For good or ill, the new administration in the nation’s capital has upended the national policy debate, requiring attention of California politicos and diverting them from our own pressing needs.
From a distance it seems the California economy couldn’t do any better. Economic output is world-class and statewide employment growth is the envy of the nation. We’re creating wealth faster than any time since the Incan conquest.
But behind these marquee numbers lurks a complicated mix of prosperous and desperate. Even among huge wealth and employment gains, millions of families cannot reach the California dream.
One of three Californians is on Medi-Cal, and more than half of public schoolchildren receive subsidized school lunches.
If the 36 counties in rural, mountain and Northern California were a separate state, their aggregate unemployment rate would be the highest in the country.
On the other hand, unemployment in the 22 coastal and metropolitan California counties is among the lowest of all industrial states.
But all is not well in wealthy California. High housing costs have impoverished wage earners. One-bedroom apartment rents exceed 30 percent of median income in coastal metro areas.
Even when employees can find affordable housing away from the metropolis, the long and slow commute adds yet another financial burden and social stress.
The surest path to economic success is a good education, but the California fault line divides educational attainment.
In what cannot be a surprise, the Bay Area has the nation’s top-ranked economy and among its highest educational attainment. Just 80 miles inland, five regions in the San Joaquin Valley are at the bottom in educational attainment and economic output.
Increasing opportunity and offering everyone a slice of the pie is within reach of state leaders, starting with these goals:
Invest in transportation and water infrastructure. California’s public works are deteriorating. Fuel-stingy autos clean our air but starve our roads. Lawmakers must heed the governor’s call to ramp up highway and transit funds and modernize fee-for-service financing. State leaders must also commit to a safe, reliable water system, including storage and Delta conveyance.
Increase housing supply. The only solution to the high cost and severe shortage of housing is to increase supply, but California’s land use laws undermine this imperative. Policymakers now favor more housing in dense, urban areas, but have not in turn reduced the inevitable permitting, zoning and litigation burdens, such as the California Environmental Quality Act.

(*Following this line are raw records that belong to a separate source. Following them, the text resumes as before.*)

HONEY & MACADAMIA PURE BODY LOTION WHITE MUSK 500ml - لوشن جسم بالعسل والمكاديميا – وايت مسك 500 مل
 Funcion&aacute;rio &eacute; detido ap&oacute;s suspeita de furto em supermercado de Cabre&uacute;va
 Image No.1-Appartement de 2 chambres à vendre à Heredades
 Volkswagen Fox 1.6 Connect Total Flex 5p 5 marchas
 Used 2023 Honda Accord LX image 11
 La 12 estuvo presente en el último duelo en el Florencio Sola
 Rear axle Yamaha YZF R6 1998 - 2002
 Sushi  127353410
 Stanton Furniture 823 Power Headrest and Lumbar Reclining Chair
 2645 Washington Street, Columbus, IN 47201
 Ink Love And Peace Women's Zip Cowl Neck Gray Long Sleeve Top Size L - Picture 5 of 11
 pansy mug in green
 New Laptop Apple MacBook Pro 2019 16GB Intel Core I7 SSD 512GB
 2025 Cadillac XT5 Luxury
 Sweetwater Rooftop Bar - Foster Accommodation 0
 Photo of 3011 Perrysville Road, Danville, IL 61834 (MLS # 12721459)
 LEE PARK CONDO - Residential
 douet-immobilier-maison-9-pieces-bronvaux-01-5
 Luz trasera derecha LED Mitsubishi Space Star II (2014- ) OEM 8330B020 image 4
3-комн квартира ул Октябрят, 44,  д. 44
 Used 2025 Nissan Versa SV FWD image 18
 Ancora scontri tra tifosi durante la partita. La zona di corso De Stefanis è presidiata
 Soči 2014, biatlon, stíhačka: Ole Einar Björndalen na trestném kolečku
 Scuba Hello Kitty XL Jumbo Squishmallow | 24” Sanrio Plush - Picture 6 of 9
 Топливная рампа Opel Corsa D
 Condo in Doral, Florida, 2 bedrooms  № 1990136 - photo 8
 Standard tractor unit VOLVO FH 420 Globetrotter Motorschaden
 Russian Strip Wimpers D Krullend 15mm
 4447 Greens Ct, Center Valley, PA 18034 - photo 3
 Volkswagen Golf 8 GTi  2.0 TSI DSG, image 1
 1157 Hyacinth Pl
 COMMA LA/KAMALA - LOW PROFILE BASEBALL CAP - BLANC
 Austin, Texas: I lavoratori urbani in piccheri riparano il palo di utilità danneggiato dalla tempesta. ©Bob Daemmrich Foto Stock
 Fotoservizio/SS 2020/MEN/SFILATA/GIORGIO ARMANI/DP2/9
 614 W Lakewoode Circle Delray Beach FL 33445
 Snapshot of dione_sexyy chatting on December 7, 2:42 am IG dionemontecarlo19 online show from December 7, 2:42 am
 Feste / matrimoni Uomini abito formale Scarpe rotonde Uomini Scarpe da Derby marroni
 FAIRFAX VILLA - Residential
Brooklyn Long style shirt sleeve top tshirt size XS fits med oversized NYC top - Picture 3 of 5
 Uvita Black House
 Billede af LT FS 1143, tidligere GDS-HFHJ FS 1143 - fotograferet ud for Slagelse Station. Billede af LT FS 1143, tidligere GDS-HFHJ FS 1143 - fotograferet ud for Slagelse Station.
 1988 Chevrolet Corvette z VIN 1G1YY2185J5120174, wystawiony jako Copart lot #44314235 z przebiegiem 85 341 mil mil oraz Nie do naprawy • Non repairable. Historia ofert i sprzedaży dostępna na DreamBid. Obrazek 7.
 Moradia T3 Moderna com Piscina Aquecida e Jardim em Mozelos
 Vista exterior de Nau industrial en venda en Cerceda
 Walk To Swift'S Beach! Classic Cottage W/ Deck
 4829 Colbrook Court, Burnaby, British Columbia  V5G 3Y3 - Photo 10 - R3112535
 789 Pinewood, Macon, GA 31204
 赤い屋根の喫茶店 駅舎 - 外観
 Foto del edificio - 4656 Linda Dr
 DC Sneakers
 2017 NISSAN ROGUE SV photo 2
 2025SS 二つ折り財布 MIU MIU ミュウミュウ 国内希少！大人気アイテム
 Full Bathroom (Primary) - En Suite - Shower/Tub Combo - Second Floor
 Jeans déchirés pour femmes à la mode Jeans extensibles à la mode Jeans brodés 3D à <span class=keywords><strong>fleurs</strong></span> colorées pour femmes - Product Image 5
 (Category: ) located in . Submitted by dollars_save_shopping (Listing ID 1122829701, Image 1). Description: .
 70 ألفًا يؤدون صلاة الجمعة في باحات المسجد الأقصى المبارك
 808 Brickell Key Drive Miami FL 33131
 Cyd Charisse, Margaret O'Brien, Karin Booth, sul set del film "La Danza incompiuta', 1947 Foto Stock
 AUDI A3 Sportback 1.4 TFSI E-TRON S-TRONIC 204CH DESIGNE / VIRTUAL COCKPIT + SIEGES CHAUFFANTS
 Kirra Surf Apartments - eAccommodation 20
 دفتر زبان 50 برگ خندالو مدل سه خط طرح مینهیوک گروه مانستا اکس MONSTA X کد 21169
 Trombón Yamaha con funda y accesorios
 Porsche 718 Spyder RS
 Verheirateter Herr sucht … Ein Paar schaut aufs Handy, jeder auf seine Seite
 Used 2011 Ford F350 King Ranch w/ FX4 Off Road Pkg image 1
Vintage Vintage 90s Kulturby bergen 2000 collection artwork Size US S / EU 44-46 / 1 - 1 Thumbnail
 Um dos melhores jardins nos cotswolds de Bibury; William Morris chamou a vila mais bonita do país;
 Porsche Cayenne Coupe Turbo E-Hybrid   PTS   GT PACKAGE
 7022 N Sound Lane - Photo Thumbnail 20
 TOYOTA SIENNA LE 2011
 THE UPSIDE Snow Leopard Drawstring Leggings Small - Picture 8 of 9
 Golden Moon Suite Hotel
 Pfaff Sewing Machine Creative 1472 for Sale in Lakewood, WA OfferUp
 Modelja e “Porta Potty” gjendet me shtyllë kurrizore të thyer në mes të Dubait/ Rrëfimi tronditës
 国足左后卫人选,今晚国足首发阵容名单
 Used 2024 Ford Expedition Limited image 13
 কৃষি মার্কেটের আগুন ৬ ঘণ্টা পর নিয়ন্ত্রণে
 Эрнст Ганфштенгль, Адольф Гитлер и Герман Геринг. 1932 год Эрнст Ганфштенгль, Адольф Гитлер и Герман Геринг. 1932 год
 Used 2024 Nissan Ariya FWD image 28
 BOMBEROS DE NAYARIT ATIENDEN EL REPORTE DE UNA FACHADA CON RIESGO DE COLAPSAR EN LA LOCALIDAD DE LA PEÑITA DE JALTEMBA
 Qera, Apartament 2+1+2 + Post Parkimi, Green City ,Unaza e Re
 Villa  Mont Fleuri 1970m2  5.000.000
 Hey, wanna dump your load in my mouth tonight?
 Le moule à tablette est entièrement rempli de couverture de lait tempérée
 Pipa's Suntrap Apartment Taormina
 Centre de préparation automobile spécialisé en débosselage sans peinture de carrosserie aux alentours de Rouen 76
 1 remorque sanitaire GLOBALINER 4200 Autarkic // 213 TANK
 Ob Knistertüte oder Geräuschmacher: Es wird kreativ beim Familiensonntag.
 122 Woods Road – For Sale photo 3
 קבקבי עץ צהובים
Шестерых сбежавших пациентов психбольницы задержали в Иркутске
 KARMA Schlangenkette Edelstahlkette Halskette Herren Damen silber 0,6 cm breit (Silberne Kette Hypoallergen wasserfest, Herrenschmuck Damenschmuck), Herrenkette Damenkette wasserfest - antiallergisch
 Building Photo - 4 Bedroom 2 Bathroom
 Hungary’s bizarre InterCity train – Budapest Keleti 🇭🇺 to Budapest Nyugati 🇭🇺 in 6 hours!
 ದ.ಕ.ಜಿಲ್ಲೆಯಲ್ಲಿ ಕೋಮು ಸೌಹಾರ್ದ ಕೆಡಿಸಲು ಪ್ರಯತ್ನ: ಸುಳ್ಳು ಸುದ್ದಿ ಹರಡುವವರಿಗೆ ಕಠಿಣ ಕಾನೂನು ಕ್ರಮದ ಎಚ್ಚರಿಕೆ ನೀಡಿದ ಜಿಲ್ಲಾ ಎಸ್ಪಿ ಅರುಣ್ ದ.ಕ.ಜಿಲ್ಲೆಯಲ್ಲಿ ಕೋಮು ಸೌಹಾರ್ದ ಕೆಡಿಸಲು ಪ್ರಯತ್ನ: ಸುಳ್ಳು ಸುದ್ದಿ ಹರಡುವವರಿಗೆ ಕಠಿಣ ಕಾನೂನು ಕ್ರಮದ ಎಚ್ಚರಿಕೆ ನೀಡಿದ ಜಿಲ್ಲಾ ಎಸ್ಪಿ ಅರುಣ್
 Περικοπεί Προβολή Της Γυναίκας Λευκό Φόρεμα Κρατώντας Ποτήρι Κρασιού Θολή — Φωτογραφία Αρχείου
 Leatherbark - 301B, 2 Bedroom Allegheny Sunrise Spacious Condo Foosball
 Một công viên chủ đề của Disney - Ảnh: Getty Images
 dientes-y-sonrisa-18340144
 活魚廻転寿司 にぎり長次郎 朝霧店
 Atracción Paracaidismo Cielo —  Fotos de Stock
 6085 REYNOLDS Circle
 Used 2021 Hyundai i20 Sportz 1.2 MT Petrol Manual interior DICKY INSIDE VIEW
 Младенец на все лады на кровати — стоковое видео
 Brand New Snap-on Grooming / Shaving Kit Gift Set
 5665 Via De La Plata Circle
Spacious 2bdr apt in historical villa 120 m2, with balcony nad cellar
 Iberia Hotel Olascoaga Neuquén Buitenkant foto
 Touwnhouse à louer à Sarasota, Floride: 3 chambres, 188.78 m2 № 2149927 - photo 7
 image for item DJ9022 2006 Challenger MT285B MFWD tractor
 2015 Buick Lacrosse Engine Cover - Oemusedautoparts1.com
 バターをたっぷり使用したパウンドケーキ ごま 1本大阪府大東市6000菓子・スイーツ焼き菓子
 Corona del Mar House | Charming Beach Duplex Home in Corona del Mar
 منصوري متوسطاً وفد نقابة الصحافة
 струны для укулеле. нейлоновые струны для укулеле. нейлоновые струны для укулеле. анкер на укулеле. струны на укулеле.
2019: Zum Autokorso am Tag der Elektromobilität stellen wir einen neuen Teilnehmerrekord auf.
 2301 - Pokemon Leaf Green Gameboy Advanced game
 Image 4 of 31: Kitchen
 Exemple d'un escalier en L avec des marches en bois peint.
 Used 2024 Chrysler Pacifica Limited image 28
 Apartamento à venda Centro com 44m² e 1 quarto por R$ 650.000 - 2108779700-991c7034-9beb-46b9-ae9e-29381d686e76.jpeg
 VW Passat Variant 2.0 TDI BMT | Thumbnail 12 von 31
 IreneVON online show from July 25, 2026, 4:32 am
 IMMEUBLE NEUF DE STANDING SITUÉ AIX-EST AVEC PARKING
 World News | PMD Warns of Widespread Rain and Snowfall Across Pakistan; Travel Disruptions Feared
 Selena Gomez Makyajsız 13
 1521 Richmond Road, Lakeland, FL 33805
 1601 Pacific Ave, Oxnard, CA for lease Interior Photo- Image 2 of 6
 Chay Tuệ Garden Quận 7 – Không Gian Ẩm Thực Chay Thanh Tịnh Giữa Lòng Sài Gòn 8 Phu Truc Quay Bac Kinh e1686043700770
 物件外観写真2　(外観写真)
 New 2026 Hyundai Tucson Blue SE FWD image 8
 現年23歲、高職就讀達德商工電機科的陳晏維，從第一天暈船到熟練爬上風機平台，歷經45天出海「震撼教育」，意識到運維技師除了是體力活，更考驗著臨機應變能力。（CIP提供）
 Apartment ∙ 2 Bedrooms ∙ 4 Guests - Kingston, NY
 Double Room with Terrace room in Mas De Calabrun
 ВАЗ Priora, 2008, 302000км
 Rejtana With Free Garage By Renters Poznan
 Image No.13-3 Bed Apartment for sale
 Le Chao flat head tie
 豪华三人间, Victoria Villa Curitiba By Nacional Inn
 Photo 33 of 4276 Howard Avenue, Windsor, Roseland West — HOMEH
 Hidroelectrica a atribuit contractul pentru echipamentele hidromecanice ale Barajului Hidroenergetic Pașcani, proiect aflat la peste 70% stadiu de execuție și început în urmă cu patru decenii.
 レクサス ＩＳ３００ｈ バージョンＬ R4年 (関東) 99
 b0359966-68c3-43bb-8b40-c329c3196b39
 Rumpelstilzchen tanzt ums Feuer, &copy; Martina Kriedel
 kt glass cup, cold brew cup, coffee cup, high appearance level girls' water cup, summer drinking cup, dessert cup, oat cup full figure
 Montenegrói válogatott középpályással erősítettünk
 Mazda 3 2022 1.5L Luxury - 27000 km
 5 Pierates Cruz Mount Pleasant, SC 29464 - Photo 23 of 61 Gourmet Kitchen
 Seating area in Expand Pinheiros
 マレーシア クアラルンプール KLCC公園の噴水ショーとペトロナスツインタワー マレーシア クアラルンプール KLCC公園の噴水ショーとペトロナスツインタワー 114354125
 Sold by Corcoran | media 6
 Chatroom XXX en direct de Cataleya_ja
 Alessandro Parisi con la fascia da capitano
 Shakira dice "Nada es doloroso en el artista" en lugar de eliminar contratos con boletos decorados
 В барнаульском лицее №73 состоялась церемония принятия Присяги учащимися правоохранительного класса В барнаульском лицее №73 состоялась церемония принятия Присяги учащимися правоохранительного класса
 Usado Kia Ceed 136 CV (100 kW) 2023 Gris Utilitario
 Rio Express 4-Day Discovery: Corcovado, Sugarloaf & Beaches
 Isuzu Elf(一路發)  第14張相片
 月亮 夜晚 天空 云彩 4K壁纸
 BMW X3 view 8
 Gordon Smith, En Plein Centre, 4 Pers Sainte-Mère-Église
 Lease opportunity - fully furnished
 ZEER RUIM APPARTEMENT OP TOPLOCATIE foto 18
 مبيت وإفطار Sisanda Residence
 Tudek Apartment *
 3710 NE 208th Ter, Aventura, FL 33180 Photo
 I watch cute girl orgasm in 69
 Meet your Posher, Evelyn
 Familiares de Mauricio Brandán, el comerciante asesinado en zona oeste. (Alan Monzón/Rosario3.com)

Make energy more affordable. Higher energy prices will continue to add to California’s cost of living and detract from our competitiveness unless climate change laws incorporate market-based approaches to reduce greenhouse gas emissions. The Legislature must adopt a cap-and-trade mechanism to replace command-and-control regulations to demonstrate that climate change regulations can be effective and affordable.
Update labor laws and reduce litigation. California’s employment laws and regulations have not kept pace with the evolution of the workplace, technology-based services or workers’ needs. State leaders must update archaic regulations that hinder workplace models that use independent contractors and discourage flexible, family-friendly work design. We must protect the ability of employers and employees to resolve legitimate disputes quickly and inexpensively through arbitration.
Invest in education and a skilled workforce. Besides the weather, California’s greatest competitive advantage is our skilled workforce. The Legislature should improve state support for universities to restore our qualitative advantage, and continue investment in high school work-based learning initiatives, which allow students to apply classroom learning to gain real-world experience.
California is a wealthy state with great natural and intellectual resources. It is within the power of state leaders to foster growth and increase opportunity, no matter the crosscurrents blowing in from Washington.